[Help][pinSage] How to get the best embedding of all the item nodes?

vincentami · October 21, 2022, 9:53am

HI team，
I have got the embedding of all item nodes in this way . Is that OK ? I will build the embedding recall system later.
The code i save all the embediding for all the item nodes:
" # Evaluate
model.eval()
with torch.no_grad():
item_batches = torch.arange(g.num_nodes(item_ntype)).split(args.batch_size)

        h_item_batches = []
        for blocks in tqdm.tqdm(dataloader_test):
            for i in range(len(blocks)):
                blocks[i] = blocks[i].to(device)

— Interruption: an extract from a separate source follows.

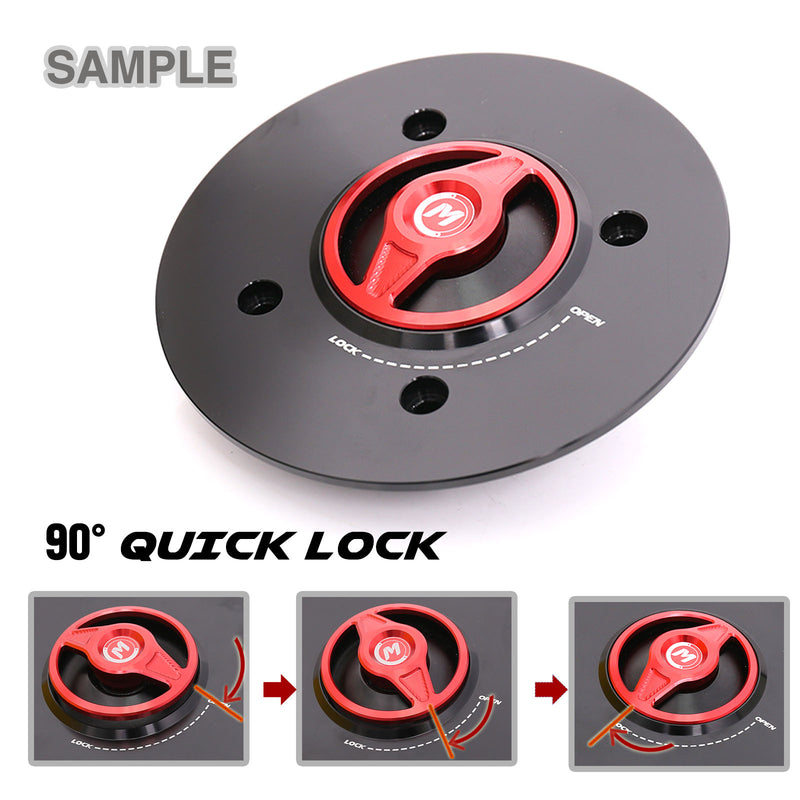 Quick Lock Release REVO fuel cap for mototorcycle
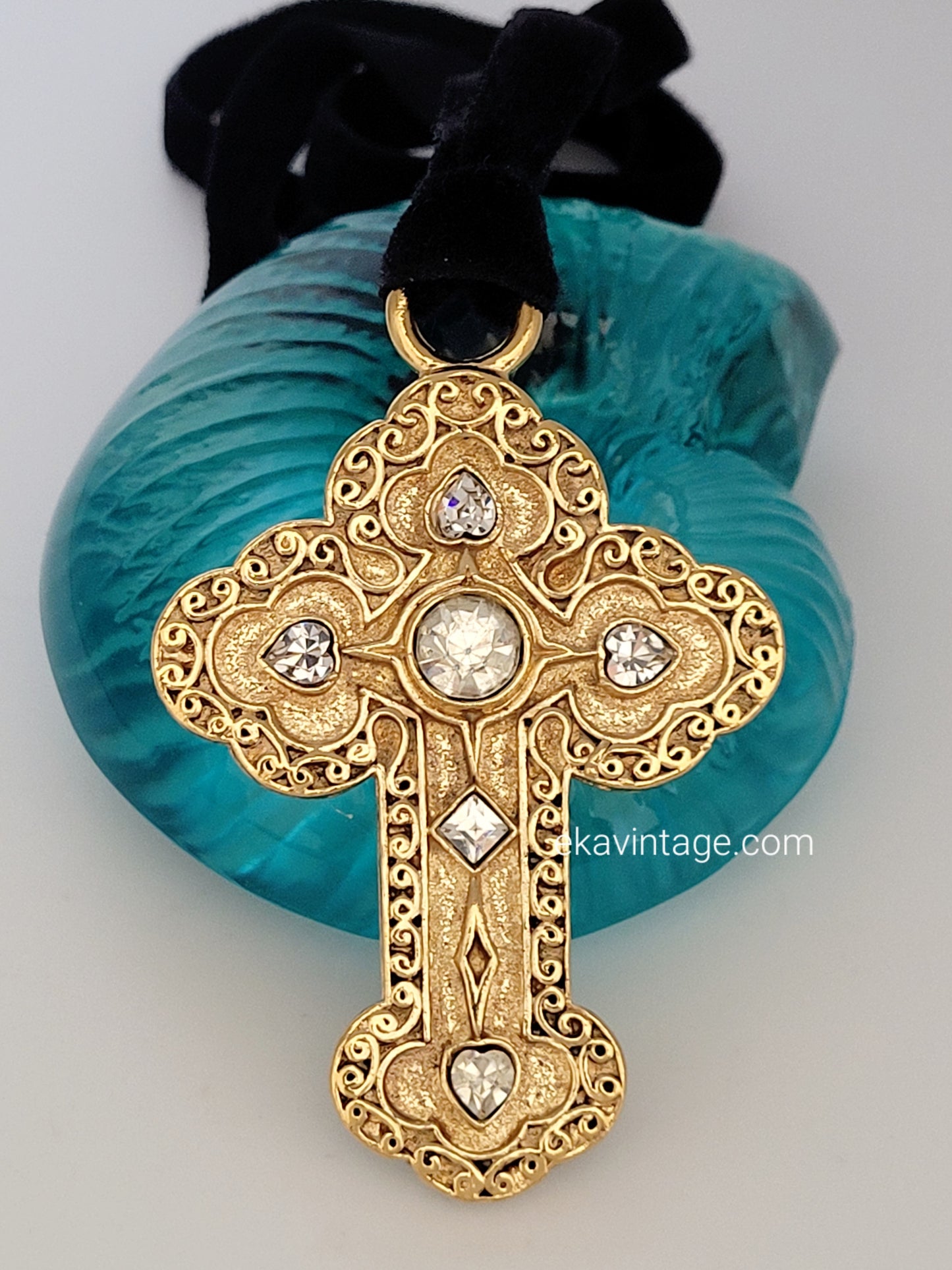 Agatha Paris - Pendentif/Collier vintage Croix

            h_item_batches.append(model.get_repr(blocks, item_emb))
        h_item = torch.cat(h_item_batches, 0)

        # torch.save(h_item, "embeddings.pth" + "_" + str(epoch_id))

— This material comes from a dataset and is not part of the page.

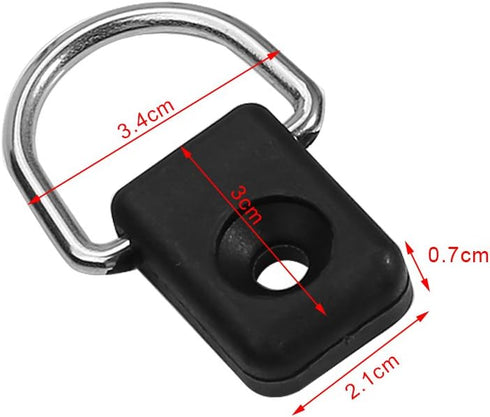 Kayak D Ring, 10pcs Quality Tie Down Loop Safety Deck Fitting with M6 Screws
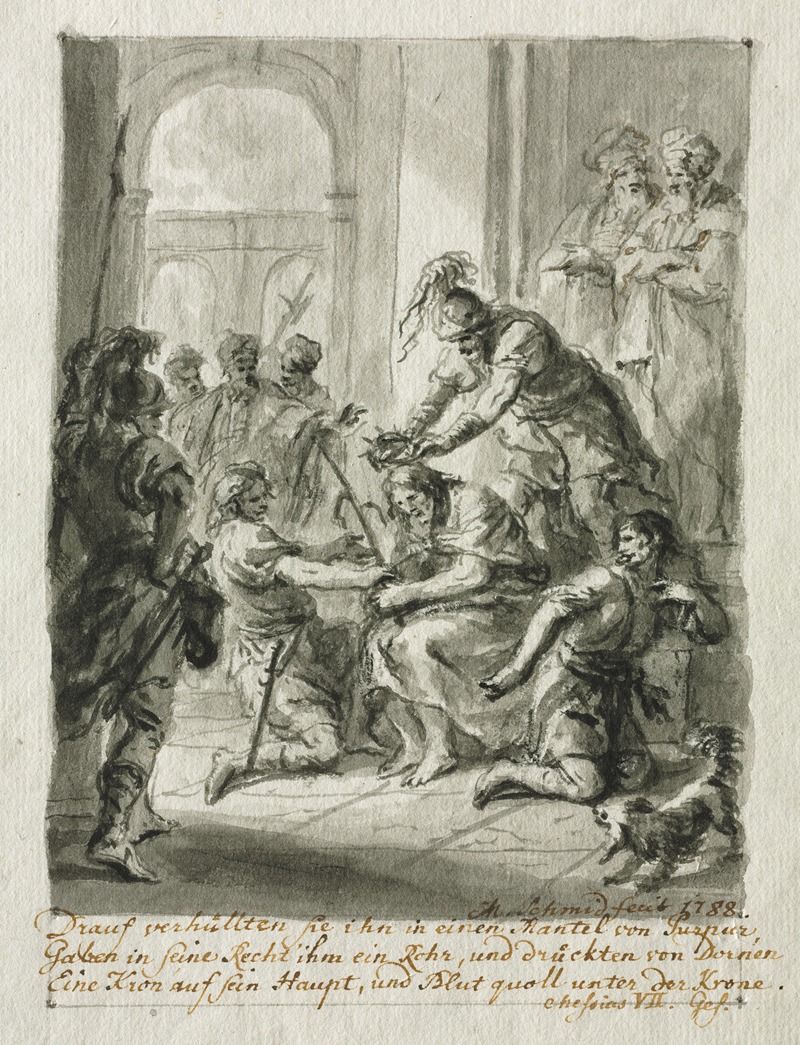 Christ Crowned with Thorns by Мартин Иоганн Шмидт, 1788 — digital art print download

        h_pd = pd.DataFrame(h_item.cpu().numpy())
        h_pd.to_csv("embeddings" + "_" + str(epoch_id) + ".csv")

        print(evaluation.evaluate_nn(dataset, h_item, args.k, args.batch_size))"

My Question is that:
I Saw that in the “dataloader_test” dataloader, before get_repr() , the sampler still works here.

" def collate_test(self, samples):
batch = torch.LongTensor(samples)
blocks = self.sampler.sample_blocks(batch)
assign_features_to_blocks(blocks, self.g, self.textset, self.ntype)
return blocks "

Is that necessary to stop taking sample or sum all the linked node’s embedding for the get_repr() ？

Is there any other simple way of getting all the item‘s Embeding for the downstream scenario ？

Wish your help ~
Thanks ~ ~

Rsalganik1123 · October 21, 2022, 5:26pm

Hi! I can’t speak to the best way to do it, but here’s how I’m doing it in my code:

 #LOAD GRAPH 
    g, train_g, val_g = build_dataset(cfg)
#LOAD MODEL 
    model = build_model(g, cfg)
    model_state = torch.load(checkpoint_path, map_location='cpu')
    model.load_state_dict(model_state['model_state'])
#DATALOADER
    if mode == 'fullg': 
        neighbor_sampler, collator = build_graph_sampler(g, cfg)  
    elif mode == 'traing': 
        neighbor_sampler, collator = build_graph_sampler(train_g, cfg)
    else: 
        print("ERROR: No graph mode detected - please specify either fullg/traing")
        exit() 
    dataloader_test = DataLoader(
            torch.arange(g.number_of_nodes(cfg.item_type)),
            batch_size=32,
            collate_fn=collator.collate_test,
            num_workers=1)

    model = model.eval()
    model = model.cuda()
    device = torch.device('cuda:0')

    #GENERATE REPRESENTATIONS 
    all_features_cpu = [] 
    all_ids = [] 
    dataloader_it = iter(dataloader_test)
    idx = 0 
    for blocks in tqdm(dataloader_it):
        idx +=1 
        with torch.no_grad():
            for i in range(len(blocks)): 
                blocks[i] = blocks[i].to(device)
            features = model.get_repr(blocks)
            all_features_cpu.append(features.cpu().numpy()) 
            
    
    #SAVE
    if output_path:
        if not os.path.exists(output_path): 
            os.mkdir(output_path)
        file_path = os.path.join(output_path,'embeddings_as_array_{}.pkl'.format(mode))
        print("***Saving Track Embeddings to {}***".format(file_path))
        pickle.dump(all_features_array, open(file_path, "wb"))
    
       
    return all_features_cpu

system · November 20, 2022, 5:27pm

This topic was automatically closed 30 days after the last reply. New replies are no longer allowed.